Saturday 29 October 2016

PALESTINE DAY 6 AND 7 BACK TO SCHOOL

Today is the reason we've come. Past all the context and committees, failed bureaucracy and refugee camps,  today we go back to school. Still not used to the puny two hour time difference school starts at 5.30, two hours after the mosque and half an hour since the last mosquito bite. I roll out of bed through the shower to Saladin's mosque where I'm picked up with a fellow teacher to head to our twinned school.
We're greeted by rows and rows of classes stood in excited conversation about the start of the day. A teacher fiddles with a microphone and strides before the pupils as we watch from the ramp leading down to the playground. The counting begins: wahad, tithnain, talat. Wahad, tithnain, talat. Students' arms rise and fall in confused unison and the day's exercises begin. I am reminded of a friend who once told me how it was the small differences in roads that phased them the most about new countries. School is school as pedagogy is what you make of it but a week out of the UK system isn't enough to stop me checking for behaviour strategies, safeguarding issues, and all manner of jargon that's thrown at us in our day jobs. Palestine is more laid back than the UK, there is no data meticulously poured over in staff rooms, no schemes of work to plan from and by the looks of it no marking outside of lessons, though I'm sure this changes the higher the year. Students are not rigorously checked for understanding and scaffolding and differentiation are practiced only by the minority. The result? It's inconclusive. What impression can two days anywhere give you except for fading sketches. But the teachers seem relaxed, smiling, welcoming and keen to show off their students. And from this their students can feed. Like schools the world over there are some classes which cannot sit still or focus fortunately here they are in the minority. The students are engaged and enthusiastic. They brim with inquisitive desire and questions follow us wherever we go.
We observe lessons and practices, inform the students about our pupils in London and they write letters to send back to them. They are thoughtful and focused. A rare charm.

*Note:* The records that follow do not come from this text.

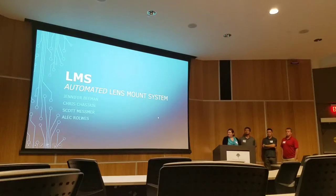Hello, everyone. I'm Jennifer Meehan, and Scott Messner. And we are here to talk to you about our automated lens mount system.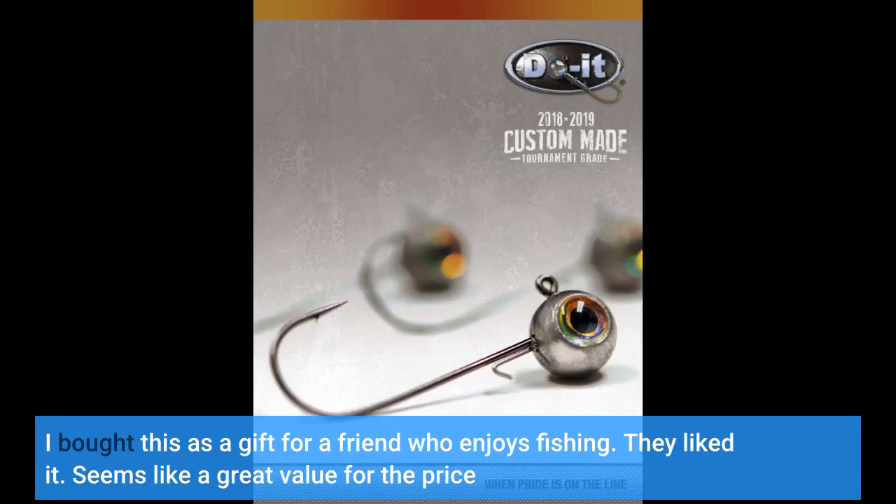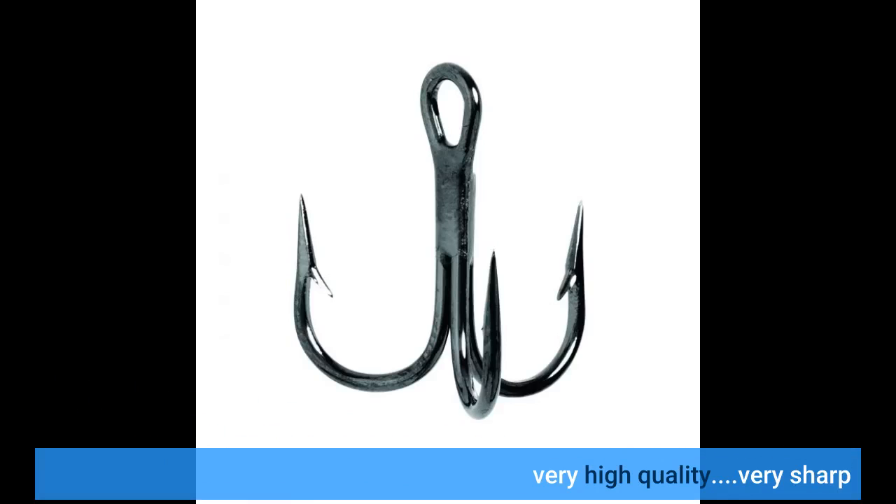Great value for the price, very high quality, very sharp. Exactly as advertised — they are scary sharp too.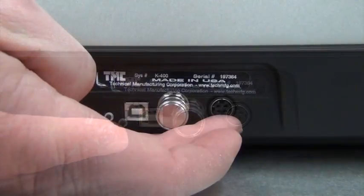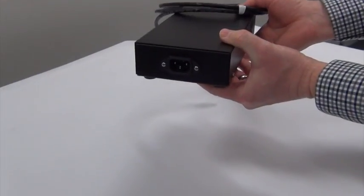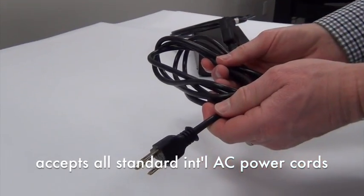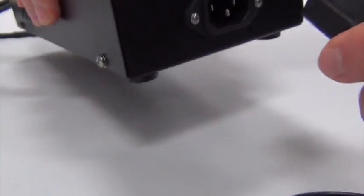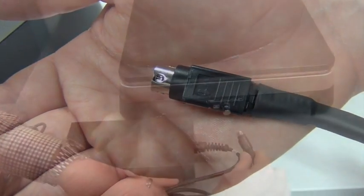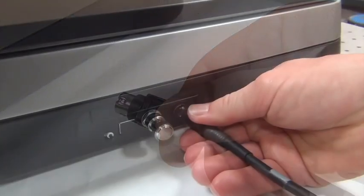And finally, the input for the external power supply. The universal power supply provided is designed to accept all standard international AC power cords. Simply plug the supplied power cord into the back of the power supply provided, then connect the power supply to the back of the K400, checking to be sure the connector is aligned properly.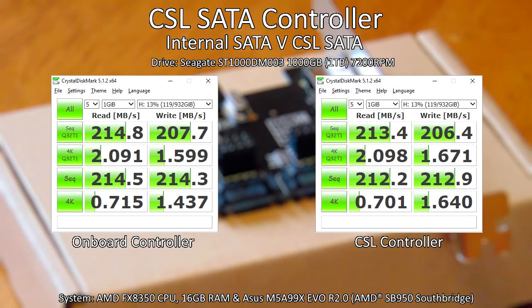I was testing on my system, which is an AMD based system with an AMD Southbridge that provides the SATA 3.0 connectivity. There's no real difference, so I am happy to recommend this card.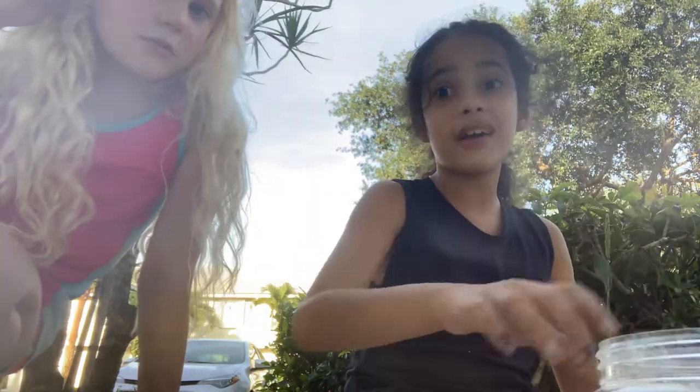Then some water. It's going to look like a mess up. Oh my god, I messed up. Then we put some more. It's going to look like a mess up but then it's not.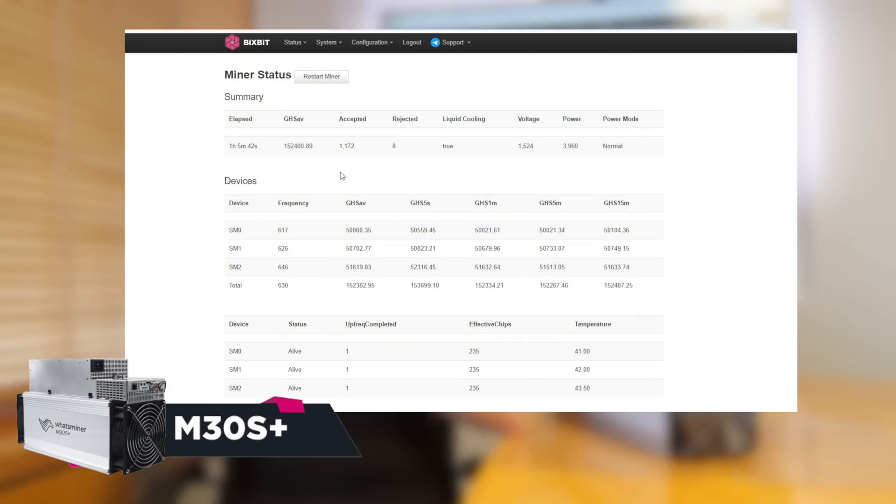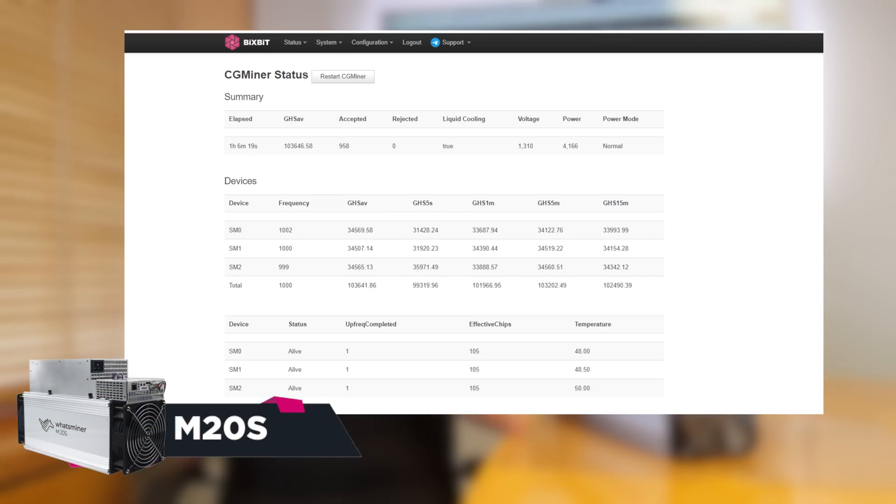You can see the result of WhatsMiner M30S+: we got 152 terahash per second instead of 100 in stock. Also here are the results of the M20S ASIC model: 103 terahash per second against 68 in stock.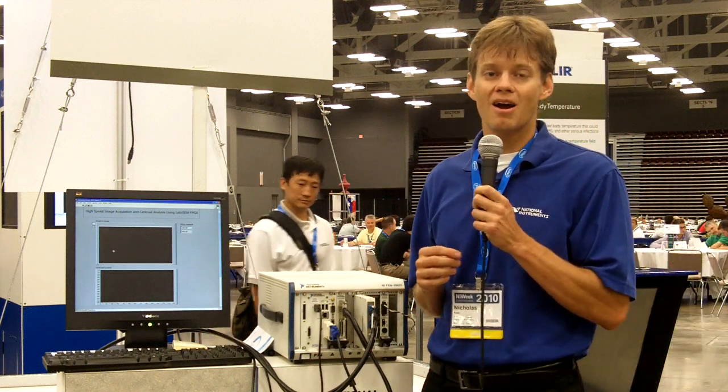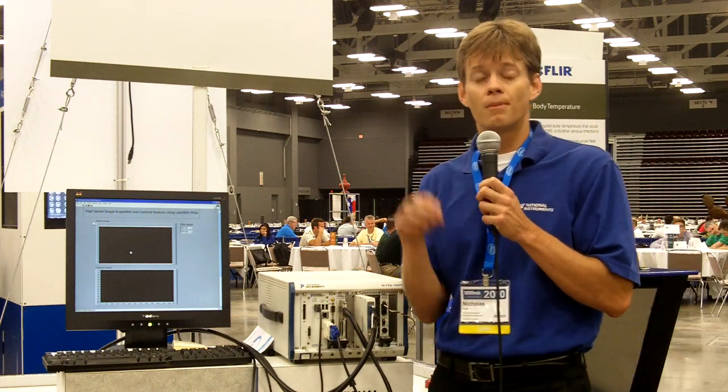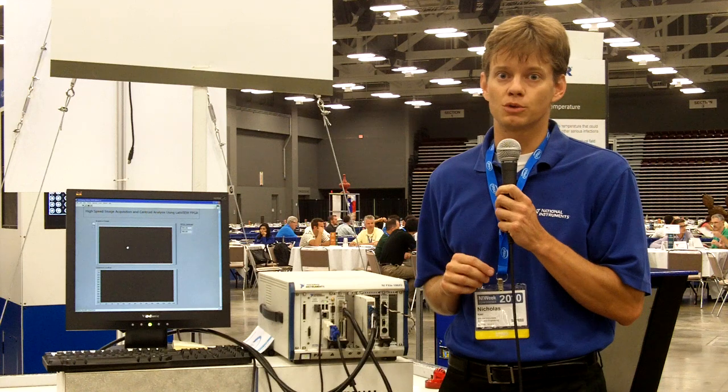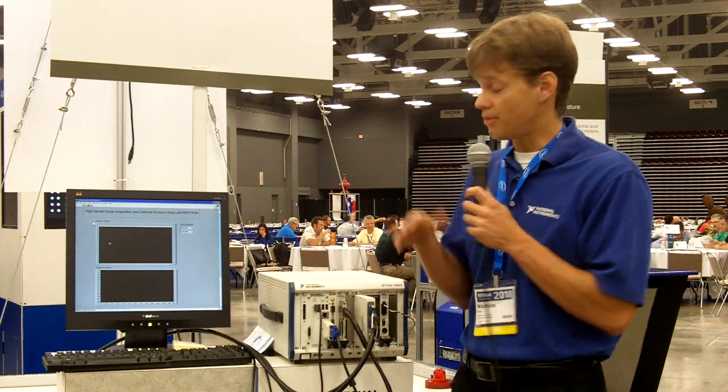Hi, I'm Nick Keough and this is the Air Hockey Puck Trajectory Demo. We're using an NI 1483 Flex Hero Adapter Module to do high-speed image analysis and puck tracking on the air hockey table.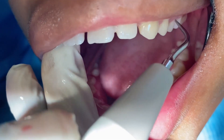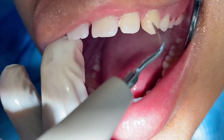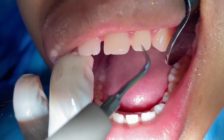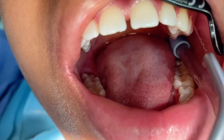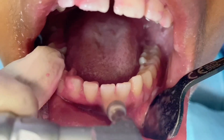This ultrasonic scaler uses a combination of ultrasonic vibrations and high-pressurized water to remove plaque, tartar, and stains. It is used on every single patient. During this procedure, your dental therapist or hygienist uses up and down strokes to remove the plaque, tartar, and stains on the surfaces of the teeth.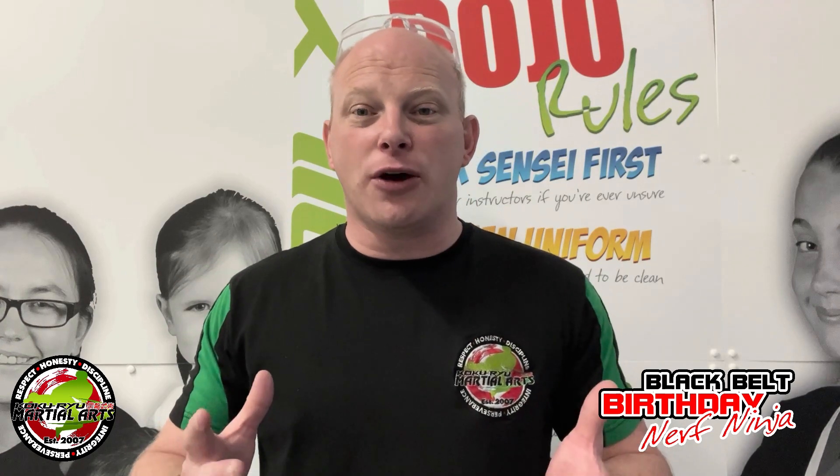Hey there! My name is Sensei Andy, and if you're watching this it means you've been invited to one of our special Kokiri Martial Arts Black Belt birthday parties with one of our students. We know you're going to be just as excited as they are. They're going to be absolutely astounded by what's going to be happening. But before you attend, we need to make sure you understand a few safety rules, so that everyone's going to have the most fun possible and a great and safe time while they're here.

Rolling through the desert we spring out overlooking Jordan and the dead sea. The air threatens to turn pink as the sun prepares to dip down behind the West Bank and tell us our times up. But until then we cover ourselves in mud, laugh and float on with our contraband friends - the sad fact that our Palestinian or hijabi friends would usually be turned away is emphasised by a surprised Israeli couple who ask us how we managed to get in. But we did. After our mud spa we chew up and spit out our sunflower seeds and plans and set a course south for the world's oldest city.
Jericho has been on the lips of a few history teachers since its name was whispered in the queue for the plane. The ants had brought the night with them to the beach so Jericho was just a constellation of lights. We found a veranda from which you could make out the boarders of three countries and mulled over the intricacies of our trip so far, the small tragedies which people from Abu Dis face every day, the harassment because of their race. We've all been shocked about how normalised the residents here have been, many stories of being tortured in Israeli prisons, family assassinated and only slight indicators of pain.  For many this is a part of their story and they have come to accept maltreatment as usual. The girls at the UNRWA school don't even mention the wall until asked directly, the decidedly discriminatory barrier between people who once lived side by side, and you can only feel a sadness that these students will grow up feeling separate, different and inferior from people who live 20 minutes walk from their school gate. But this is also a testament to the optimism of many, that things can change and will change and we agree that we must look optimistically on our time here and the future of the colleagues, students and people we've met.
Jericho is now miles behind us, our van rides dusty through the sand-scowered valleys as another Arab power ballad sweeps us past the ghosts of hills and the future is on our lips again. This time: Jerusalem.